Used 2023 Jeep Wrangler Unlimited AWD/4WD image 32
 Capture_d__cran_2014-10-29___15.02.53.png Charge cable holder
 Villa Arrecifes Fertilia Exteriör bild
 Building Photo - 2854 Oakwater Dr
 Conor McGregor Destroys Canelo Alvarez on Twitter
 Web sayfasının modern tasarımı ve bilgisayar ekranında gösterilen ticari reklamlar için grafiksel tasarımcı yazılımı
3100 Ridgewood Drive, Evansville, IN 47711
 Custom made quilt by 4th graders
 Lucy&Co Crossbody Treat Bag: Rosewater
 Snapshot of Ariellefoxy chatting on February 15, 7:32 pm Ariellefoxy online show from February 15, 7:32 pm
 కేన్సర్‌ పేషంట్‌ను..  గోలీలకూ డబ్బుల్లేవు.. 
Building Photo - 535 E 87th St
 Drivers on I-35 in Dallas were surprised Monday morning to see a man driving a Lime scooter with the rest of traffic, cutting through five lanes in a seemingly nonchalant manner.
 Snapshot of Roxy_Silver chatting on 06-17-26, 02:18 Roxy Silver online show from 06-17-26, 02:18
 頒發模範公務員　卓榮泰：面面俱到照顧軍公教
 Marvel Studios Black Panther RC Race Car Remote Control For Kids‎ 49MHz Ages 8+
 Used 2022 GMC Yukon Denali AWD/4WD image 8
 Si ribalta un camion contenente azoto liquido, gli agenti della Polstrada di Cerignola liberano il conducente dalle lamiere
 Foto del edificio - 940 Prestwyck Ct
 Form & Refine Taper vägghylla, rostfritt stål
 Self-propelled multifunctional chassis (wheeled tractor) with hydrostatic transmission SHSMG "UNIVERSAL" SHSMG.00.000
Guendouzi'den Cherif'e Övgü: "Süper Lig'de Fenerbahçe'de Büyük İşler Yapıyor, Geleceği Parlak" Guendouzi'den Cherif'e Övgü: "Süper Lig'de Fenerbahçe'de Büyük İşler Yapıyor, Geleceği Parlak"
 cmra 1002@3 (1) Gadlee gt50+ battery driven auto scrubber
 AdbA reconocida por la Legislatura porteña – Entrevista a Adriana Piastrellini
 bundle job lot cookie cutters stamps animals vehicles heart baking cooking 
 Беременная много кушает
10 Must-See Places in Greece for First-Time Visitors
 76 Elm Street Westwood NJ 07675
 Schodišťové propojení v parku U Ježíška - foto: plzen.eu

Work to complete: The full set of records, transcribed exactly, is the answer.

Written solution:
Used 2023 Jeep Wrangler Unlimited AWD/4WD image 32
 Capture_d__cran_2014-10-29___15.02.53.png Charge cable holder
 Villa Arrecifes Fertilia Exteriör bild
 Building Photo - 2854 Oakwater Dr
 Conor McGregor Destroys Canelo Alvarez on Twitter
 Web sayfasının modern tasarımı ve bilgisayar ekranında gösterilen ticari reklamlar için grafiksel tasarımcı yazılımı
3100 Ridgewood Drive, Evansville, IN 47711
 Custom made quilt by 4th graders
 Lucy&Co Crossbody Treat Bag: Rosewater
 Snapshot of Ariellefoxy chatting on February 15, 7:32 pm Ariellefoxy online show from February 15, 7:32 pm
 కేన్సర్‌ పేషంట్‌ను..  గోలీలకూ డబ్బుల్లేవు.. 
Building Photo - 535 E 87th St
 Drivers on I-35 in Dallas were surprised Monday morning to see a man driving a Lime scooter with the rest of traffic, cutting through five lanes in a seemingly nonchalant manner.
 Snapshot of Roxy_Silver chatting on 06-17-26, 02:18 Roxy Silver online show from 06-17-26, 02:18
 頒發模範公務員　卓榮泰：面面俱到照顧軍公教
 Marvel Studios Black Panther RC Race Car Remote Control For Kids‎ 49MHz Ages 8+
 Used 2022 GMC Yukon Denali AWD/4WD image 8
 Si ribalta un camion contenente azoto liquido, gli agenti della Polstrada di Cerignola liberano il conducente dalle lamiere
 Foto del edificio - 940 Prestwyck Ct
 Form & Refine Taper vägghylla, rostfritt stål
 Self-propelled multifunctional chassis (wheeled tractor) with hydrostatic transmission SHSMG "UNIVERSAL" SHSMG.00.000
Guendouzi'den Cherif'e Övgü: "Süper Lig'de Fenerbahçe'de Büyük İşler Yapıyor, Geleceği Parlak" Guendouzi'den Cherif'e Övgü: "Süper Lig'de Fenerbahçe'de Büyük İşler Yapıyor, Geleceği Parlak"
 cmra 1002@3 (1) Gadlee gt50+ battery driven auto scrubber
 AdbA reconocida por la Legislatura porteña – Entrevista a Adriana Piastrellini
 bundle job lot cookie cutters stamps animals vehicles heart baking cooking 
 Беременная много кушает
10 Must-See Places in Greece for First-Time Visitors
 76 Elm Street Westwood NJ 07675
 Schodišťové propojení v parku U Ježíška - foto: plzen.eu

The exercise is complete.